After listening to these boys and investigating a little further, I’m wondering if the under 30s have it sussed. They’ve grown up with this tech, and while they will all say they simply cannot live without their mobile phones, they also seem to take the tech in their stride.
The solution is possibly more simple than the actual devising and implementing of “rules” though. Being mindful of your behaviour is really the trick. Do you really want to still be working at 8pm − will you be thanked for it? Or more importantly, does it enhance your life and relationships? Is scrolling through Facebook the activity you most want to engage in right before sleep (keeping in mind the majority of “life updates” here are contrived anyway? First thing in the morning, is email correspondence going to make your day fantastic, or, would a nicer way to start the day be going outside for a walk, taking five minutes for a breath and noting positive intentions for the day, or even spending 15 minutes writing the book you have in your head or updating the blog you love but have neglected for 18 months?

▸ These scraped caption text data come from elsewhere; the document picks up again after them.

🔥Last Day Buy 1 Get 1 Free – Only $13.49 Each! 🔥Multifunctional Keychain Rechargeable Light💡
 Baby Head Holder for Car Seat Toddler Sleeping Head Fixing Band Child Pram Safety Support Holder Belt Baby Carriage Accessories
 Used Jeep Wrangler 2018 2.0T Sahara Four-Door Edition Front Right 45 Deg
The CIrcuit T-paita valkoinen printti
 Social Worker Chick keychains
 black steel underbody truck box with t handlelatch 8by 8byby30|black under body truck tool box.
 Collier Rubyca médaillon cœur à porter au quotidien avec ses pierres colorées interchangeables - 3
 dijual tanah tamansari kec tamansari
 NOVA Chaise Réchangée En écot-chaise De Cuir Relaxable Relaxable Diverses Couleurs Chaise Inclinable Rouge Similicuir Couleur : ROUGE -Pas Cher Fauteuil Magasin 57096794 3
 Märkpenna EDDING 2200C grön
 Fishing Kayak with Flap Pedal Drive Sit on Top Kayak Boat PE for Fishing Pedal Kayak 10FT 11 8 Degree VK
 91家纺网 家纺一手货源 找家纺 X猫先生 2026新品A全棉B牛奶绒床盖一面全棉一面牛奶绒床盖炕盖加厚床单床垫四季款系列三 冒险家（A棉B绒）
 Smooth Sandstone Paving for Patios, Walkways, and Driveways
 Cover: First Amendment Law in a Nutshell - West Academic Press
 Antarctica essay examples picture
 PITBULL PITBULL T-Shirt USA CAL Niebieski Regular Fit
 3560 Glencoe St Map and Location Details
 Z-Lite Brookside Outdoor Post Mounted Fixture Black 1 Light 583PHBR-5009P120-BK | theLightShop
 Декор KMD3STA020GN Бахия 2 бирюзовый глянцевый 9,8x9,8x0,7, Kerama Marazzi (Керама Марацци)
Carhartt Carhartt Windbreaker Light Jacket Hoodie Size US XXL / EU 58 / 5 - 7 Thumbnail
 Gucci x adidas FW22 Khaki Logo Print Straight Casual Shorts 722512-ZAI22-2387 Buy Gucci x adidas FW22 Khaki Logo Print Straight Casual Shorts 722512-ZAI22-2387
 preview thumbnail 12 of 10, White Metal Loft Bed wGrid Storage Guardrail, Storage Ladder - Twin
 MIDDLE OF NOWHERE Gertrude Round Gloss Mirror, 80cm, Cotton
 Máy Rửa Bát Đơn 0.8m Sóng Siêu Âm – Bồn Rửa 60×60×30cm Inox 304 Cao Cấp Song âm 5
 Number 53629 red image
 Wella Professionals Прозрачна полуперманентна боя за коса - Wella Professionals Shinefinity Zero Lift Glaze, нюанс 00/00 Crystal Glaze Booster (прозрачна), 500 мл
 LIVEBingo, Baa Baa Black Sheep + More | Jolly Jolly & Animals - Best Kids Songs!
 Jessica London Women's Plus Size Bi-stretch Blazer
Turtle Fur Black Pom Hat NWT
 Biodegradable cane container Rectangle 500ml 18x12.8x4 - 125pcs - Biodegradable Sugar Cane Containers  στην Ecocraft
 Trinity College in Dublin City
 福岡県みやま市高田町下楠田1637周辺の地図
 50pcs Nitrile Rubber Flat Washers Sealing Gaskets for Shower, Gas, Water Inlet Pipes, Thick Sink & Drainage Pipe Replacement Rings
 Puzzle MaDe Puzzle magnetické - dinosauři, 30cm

New technology rules │ 5 of my favourite top tips from today’s experts
- Schedule time for emails throughout the day; do not let it be an ongoing, all-consuming task; designate one hour mid morning, one in the afternoon. Also, begin to manage client/boss/co-worker expectations about when you will respond. It IS possible.
- Choose to be mindful about when and why you’re on social media. It’s got a time and place, but in the end, your time is better spent communicating with family and friends, learning a new skill/hobby, or reading a book.
- Studies have shown the light from mobile devices is akin to sunlight, and tricks the brain into thinking it’s “awake” time. Moral of the story − spend some time away from that screen before going to bed, and if you can’t sleep, whatever you do, don’t turn to it for companionship because you’ll be up even longer.
- Do you pick up your smart phone or tablet at any given moment when you’re not working or eating; Is it really necessary, or are you doing it out of habit? Further studies have found our behaviour with regards to tech is effectively an addiction, and consequently, we’re missing out on being present and experiencing life… for the sake of a notification that someone has liked our last post, or followed us on Twitter.
- If nothing else, start your day by writing down a positive intention you hold for the day ahead, e.g. I will have a happy, confident and positive day at work. Try this for a few weeks before you switch on the (usually negative) news, or scroll Facebook to see what everyone else is up to – put you and your own positive mindset first… you might be surprised at how your day does actually shift!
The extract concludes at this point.